The Tonga language, one of the many spoken here in Zambia, has the same word for ‘to have’ and ‘to want’. It’s very Zen, but interesting in that it represents the mentality that is probably required for this kind of lifestyle.
The guy who lives here offered to sell us one of his two chickens, but that would involve killing one of them, a grizzly task none of us were hungry enough to face. Instead, we’ve got him to get his wife to cook us up some pumpkin-leaf relish, that we’ll put on the linguine. We’ll hopefully get back to Lufupu, where our cooler full of food is sitting quietly by our last night’s campsite, by late lunchtime, and we should last until then.
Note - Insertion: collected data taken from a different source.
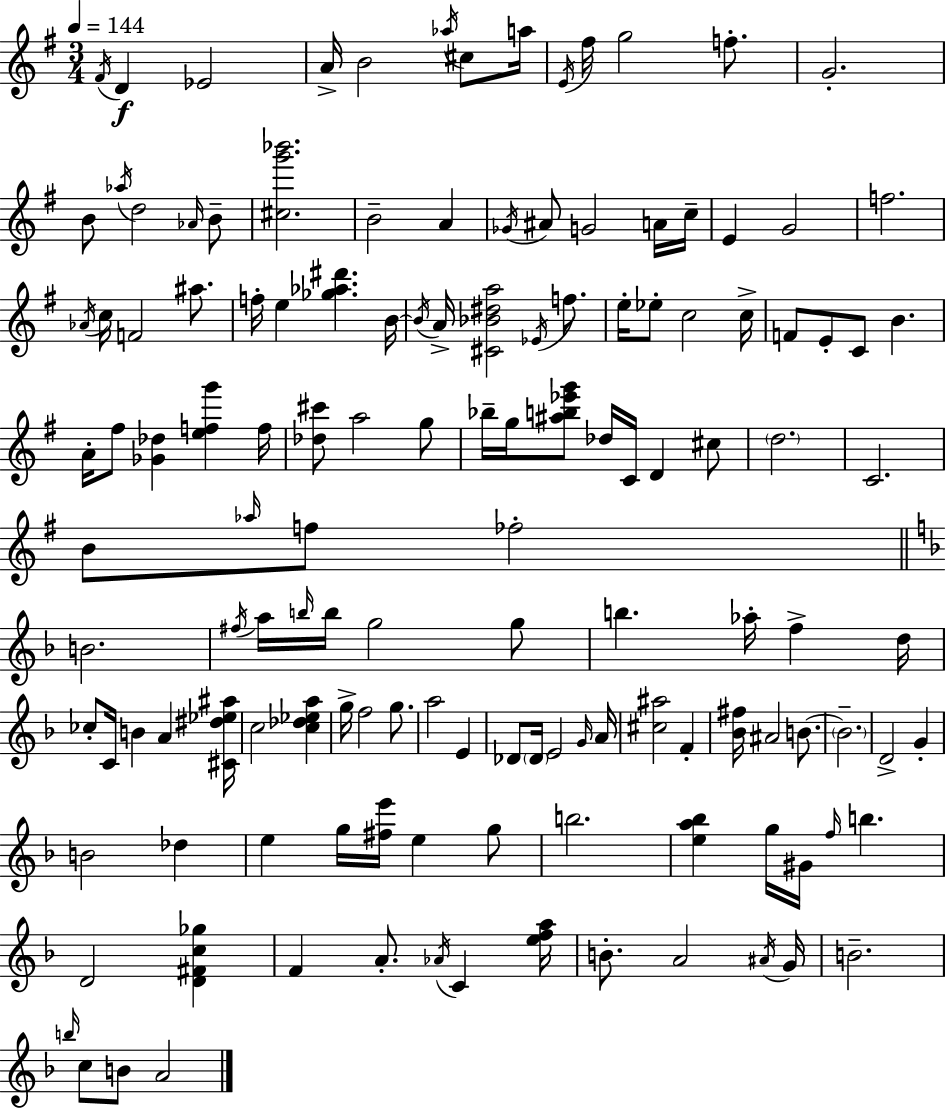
{
  \clef treble
  \numericTimeSignature
  \time 3/4
  \key g \major
  \tempo 4 = 144
  \acciaccatura { fis'16 }\f d'4 ees'2 | a'16-> b'2 \acciaccatura { aes''16 } cis''8 | a''16 \acciaccatura { e'16 } fis''16 g''2 | f''8.-. g'2.-. | \break b'8 \acciaccatura { aes''16 } d''2 | \grace { aes'16 } b'8-- <cis'' g''' bes'''>2. | b'2-- | a'4 \acciaccatura { ges'16 } ais'8 g'2 | \break a'16 c''16-- e'4 g'2 | f''2. | \acciaccatura { aes'16 } c''16 f'2 | ais''8. f''16-. e''4 | \break <ges'' aes'' dis'''>4. b'16~~ \acciaccatura { b'16 } a'16-> <cis' bes' dis'' a''>2 | \acciaccatura { ees'16 } f''8. e''16-. ees''8-. | c''2 c''16-> f'8 e'8-. | c'8 b'4. a'16-. fis''8 | \break <ges' des''>4 <e'' f'' g'''>4 f''16 <des'' cis'''>8 a''2 | g''8 bes''16-- g''16 <ais'' b'' ees''' g'''>8 | des''16 c'16 d'4 cis''8 \parenthesize d''2. | c'2. | \break b'8 \grace { aes''16 } | f''8 fes''2-. \bar "||" \break \key d \minor b'2. | \acciaccatura { fis''16 } a''16 \grace { b''16 } b''16 g''2 | g''8 b''4. aes''16-. f''4-> | d''16 ces''8-. c'16 b'4 a'4 | \break <cis' dis'' ees'' ais''>16 c''2 <c'' des'' ees'' a''>4 | g''16-> f''2 g''8. | a''2 e'4 | des'8 \parenthesize des'16 e'2 | \break \grace { g'16 } a'16 <cis'' ais''>2 f'4-. | <bes' fis''>16 ais'2 | b'8.~~ \parenthesize b'2.-- | d'2-> g'4-. | \break b'2 des''4 | e''4 g''16 <fis'' e'''>16 e''4 | g''8 b''2. | <e'' a'' bes''>4 g''16 gis'16 \grace { f''16 } b''4. | \break d'2 | <d' fis' c'' ges''>4 f'4 a'8.-. \acciaccatura { aes'16 } | c'4 <e'' f'' a''>16 b'8.-. a'2 | \acciaccatura { ais'16 } g'16 b'2.-- | \break \grace { b''16 } c''8 b'8 a'2 | \bar "|."
}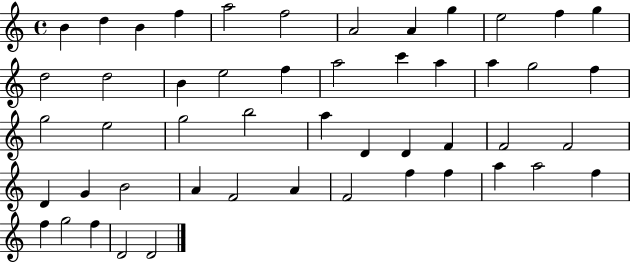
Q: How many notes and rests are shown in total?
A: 50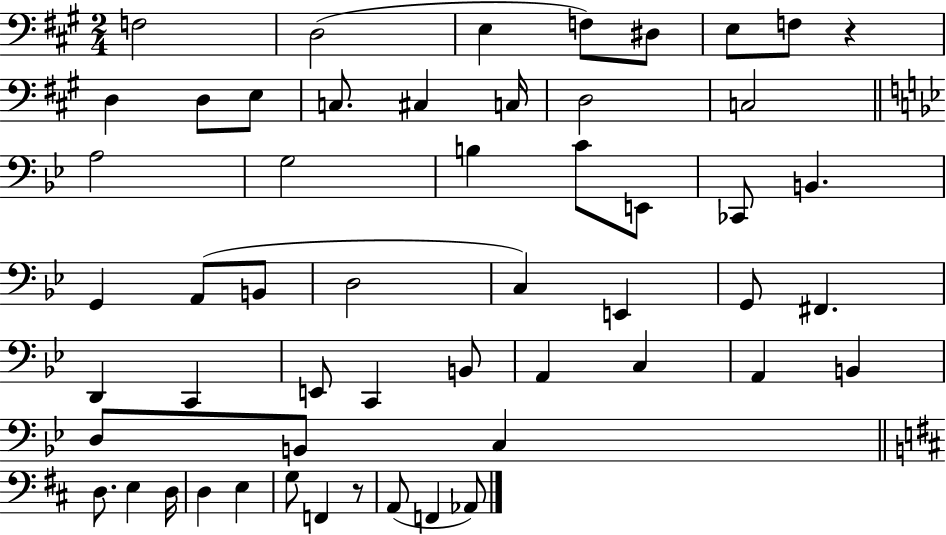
{
  \clef bass
  \numericTimeSignature
  \time 2/4
  \key a \major
  f2 | d2( | e4 f8) dis8 | e8 f8 r4 | \break d4 d8 e8 | c8. cis4 c16 | d2 | c2 | \break \bar "||" \break \key g \minor a2 | g2 | b4 c'8 e,8 | ces,8 b,4. | \break g,4 a,8( b,8 | d2 | c4) e,4 | g,8 fis,4. | \break d,4 c,4 | e,8 c,4 b,8 | a,4 c4 | a,4 b,4 | \break d8 b,8 c4 | \bar "||" \break \key d \major d8. e4 d16 | d4 e4 | g8 f,4 r8 | a,8( f,4 aes,8) | \break \bar "|."
}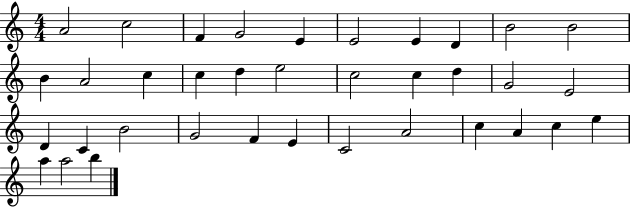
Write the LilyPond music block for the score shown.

{
  \clef treble
  \numericTimeSignature
  \time 4/4
  \key c \major
  a'2 c''2 | f'4 g'2 e'4 | e'2 e'4 d'4 | b'2 b'2 | \break b'4 a'2 c''4 | c''4 d''4 e''2 | c''2 c''4 d''4 | g'2 e'2 | \break d'4 c'4 b'2 | g'2 f'4 e'4 | c'2 a'2 | c''4 a'4 c''4 e''4 | \break a''4 a''2 b''4 | \bar "|."
}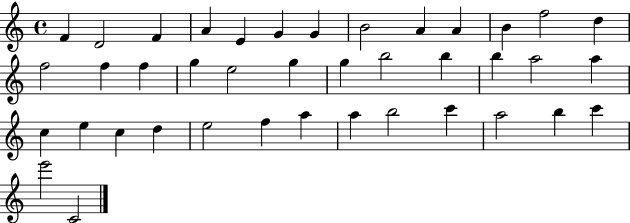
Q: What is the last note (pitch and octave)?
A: C4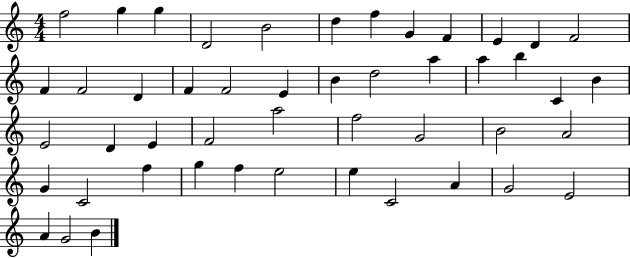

I have been reading my book, and dozed off, and everyone else had gone for a walk. They’ve come back, and Pasquali (who I’ve referred to as PV) announced that it was “half-past beer” and that “the bar was opened.” Everyone else is sitting around on the camp chairs my dad brought up from the States, trading stories. My dad is talking about a particular insult that when told by a Cape Colored (a bizarre community of mixed black-white people living in Southern Africa) is considerd just legal grounds for murder by the recipient. Pasquali and Simon are pouring over our two maps, discussing how the route to be taken by the guy we met in camp last night to get to the upper Zambezi is mad, and the feasibility of trying to get there by a different route later this week. More talk about roads, you see.
I’m going to go use the last few rays of light to read some more of my book, which is getting good. I haven’t read a novel in English in ages, and am a little antsy about it, I can’t really relax enough for it, for some reason. I think I shouldn’t leave Africa until I can.